Acht Teams hoffen auf erfolgreiche Play-Offs

Das Teilnehmerfeld im Schaebens-Pokal der Frauen besteht aus 16 Mannschaften. Für das Achtelfinale sind neben den neun Kreispokalsiegerinnen die in der Frauen-Regionalliga West spielenden Teams des FVM qualifiziert. Um die weiteren vier freien Plätze spielen die acht Zweitplatzierten der Kreispokalwettbewerbe jener Kreise mit den meisten im Kreispokal gemeldeten Teams in Relation zur Gesamtzahl am Spielbetrieb teilnehmender Frauenmannschaften in Play-Offs. Aufgrund dieses Quotienten sind dabei in diesem Jahr die Zweitplatzierten der Kreise Bonn, Köln, Sieg, Berg, Euskirchen, Rhein-Erft, Düren und Heinsberg dabei. Die Play-Off-Runde wird vor Meisterschaftsbeginn im FVM am 6. September gespielt, die Achtelfinals folgen am 7. und 8. Oktober. Das Finale im Schaebens-Pokal steigt am 6. Mai 2027 (Christi Himmelfahrt).

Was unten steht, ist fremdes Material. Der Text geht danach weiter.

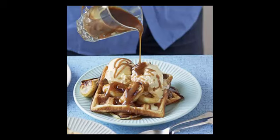Use a ladle to pour the batter into your waffle maker and cook for 5 minutes or according to the manufacturer's instructions. Repeat until all the batter has been used up.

Fairness hat sich bezahlt gemacht

Im Bitburger-Pokal waren neben den teilnahmeberechtigten Regional- und Drittligisten aus dem FVM-Gebiet alle teilnahmeberechtigten Mittelrheinligisten vorqualifiziert, hinzu kamen die in den Bitburger-Kreispokalen erfolgreichen Teams. Die restlichen freien Plätze wurden an die am besten platzierten Teams im WestLotto-Fair-Play-Pokal der Herren vergeben, die sich nicht bereits anderweitig qualifiziert haben.